Limit

[b0mb0nika]

Hi...
I have to prove that the limit as n->oo of n^(1/n) is 1
as n->oo (1/n)-> 0, which means that n^(1/n) ->1
i was wondering though if you could prove this differently using the definition of the limit ( with epsilon ) or maybe take derivatives..?

thanks

[Hurkyl]

Actually, your proof is wrong. Notice that your approach would also "prove" that


\lim_{n \rightarrow \infty} n
= \lim_{n \rightarrow \infty} (n^n)^{(1/n)}


would also be 1.



Exponents are messy things -- try applying a logarithm to convert the problem into an easier one.

[pa1o]

Actually, your proof is wrong. Notice that your approach would also "prove" that


\lim_{n \rightarrow \infty} n
= \lim_{n \rightarrow \infty} (n^n)^{(1/n)}


would also be 1.



Exponents are messy things -- try applying a logarithm to convert the problem into an easier one.

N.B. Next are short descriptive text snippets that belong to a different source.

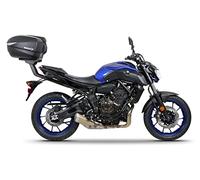 SHAD TOP MASTER YAMAHA MT 07 Accesorio Topcase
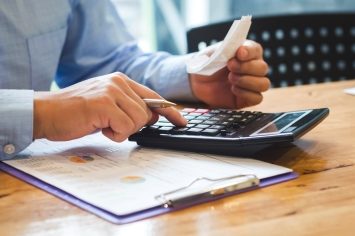 Documenting Expenses in Personal Injury Claims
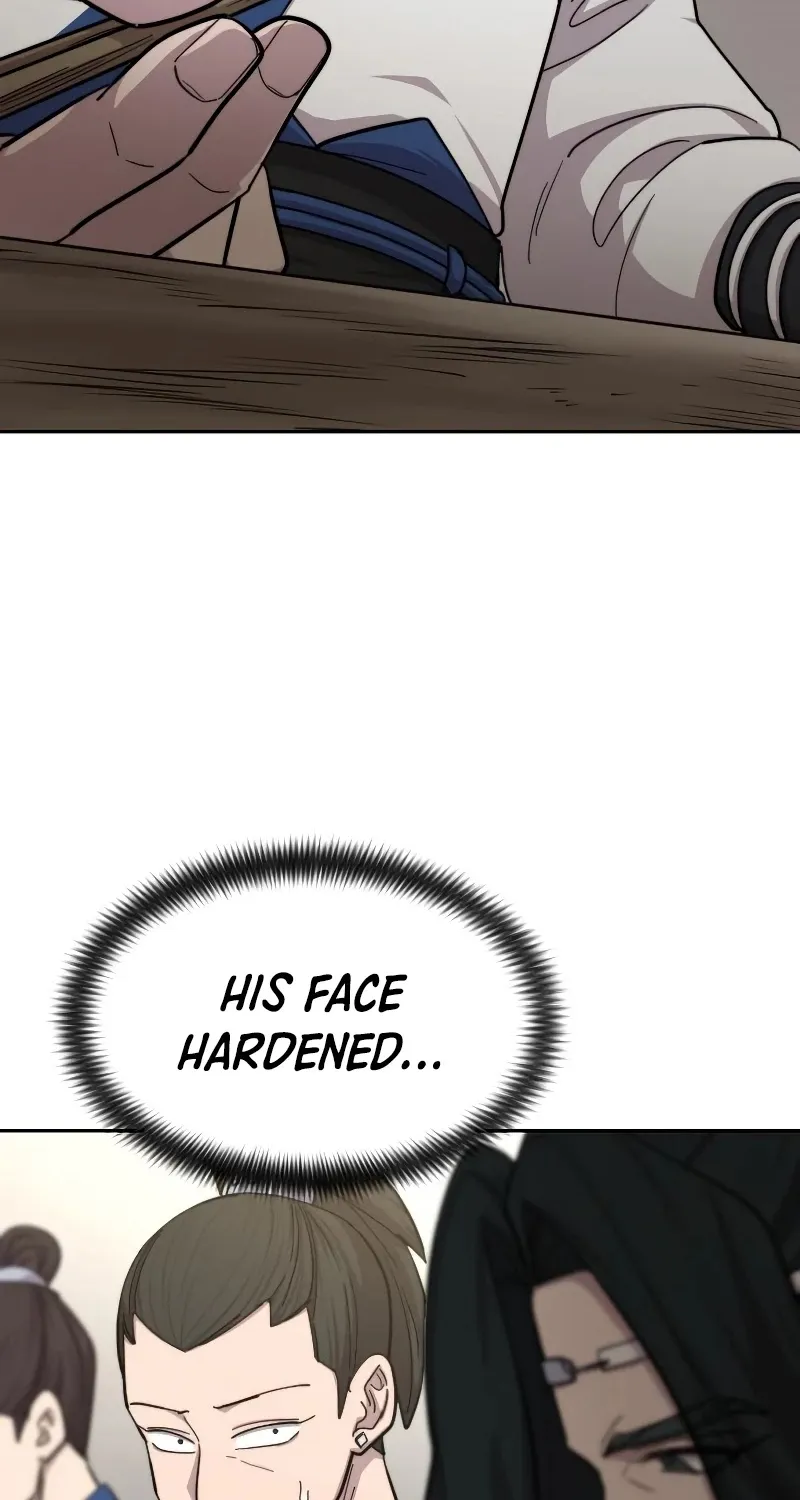 Chapter 56 — page 10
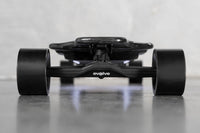 Diablo Carbon 2-in-1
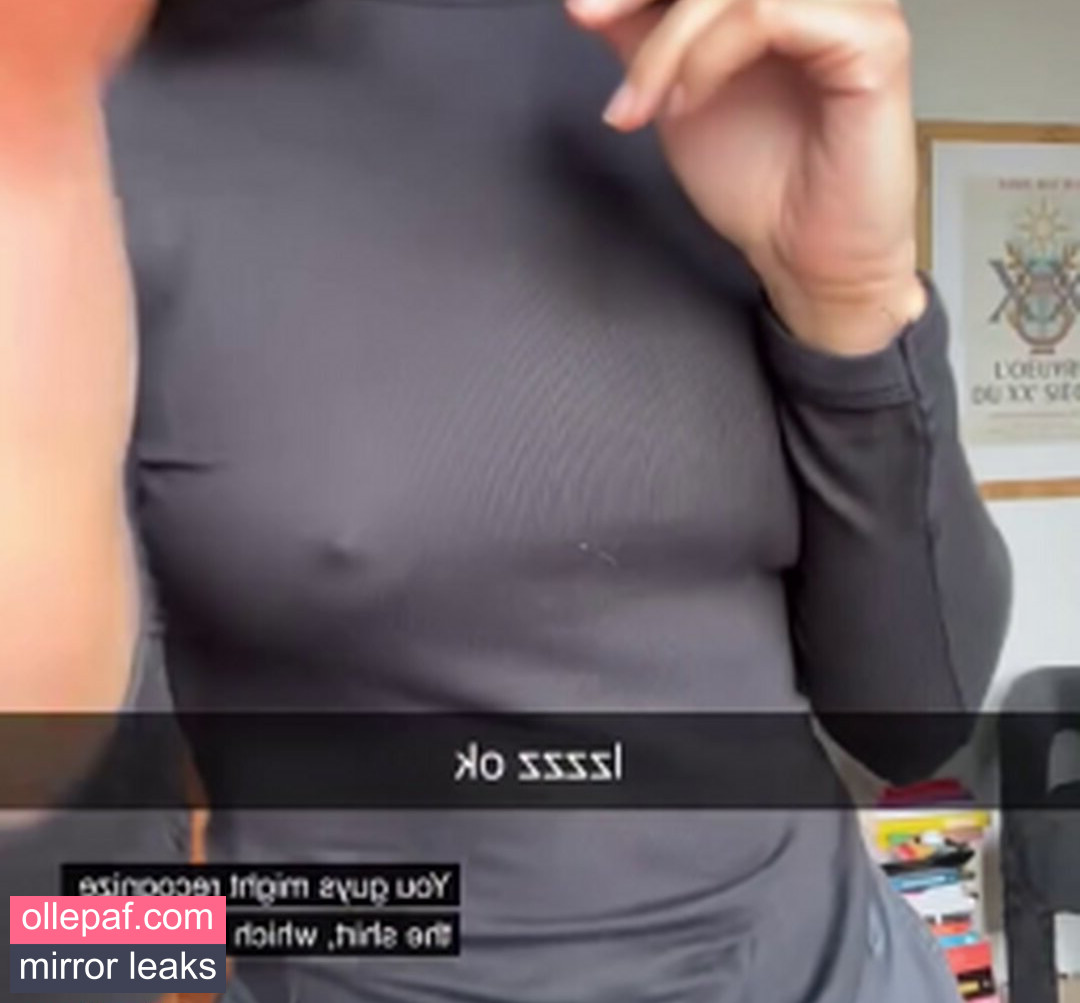 Latest Leaks sydsogood Nude #56 - Fapello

actualy i think his proof is correct, but your limit is incorrect let me explain:
if you "go" with the limit into the exponent of N (you can do that because N is defined on whole R) the you get->

\lim_{n \rightarrow \infty} n(1/n)


n goes to infinity and 1/n goes to 0. But you always have to remember that oo is not a number its just a symbol so you cannot say that oo*0 is 0. 0*oo can be any R number even 1. Try to think about it, its a bit difficult but in the in the end its quite understandable

[Hurkyl]

if you "go" with the limit into the exponent of N (you can do that because N is defined on whole R)

You might want to go rechcek the statement of the relevant limit theorems.

[shmoe]

actualy i think his proof is correct, but your limit is incorrect let me explain:

You've missed the point of Hurkyl's example and are missing your own advice on treating indeterminate limits with care. b0mb0nika had a limit of the indeterminate form \infty^{0}. Because it was of this form he (wrongly) concluded that the limit would be 1. Hurkyl gave a limit of the form \infty^{0} that is easily manipulated into a limit that is clearly not 1, showing the error in b0mb0nika's approach to limits of this type.

For the original limit try using log's as already suggested, \lim_{n\rightarrow \infty}n^{1/n}=\lim_{n\rightarrow\infty}e^{\frac{1}{n}\log{n}}

You should be able to find \lim_{n\rightarrow\infty}\frac{1}{n}\log{n} without too much trouble.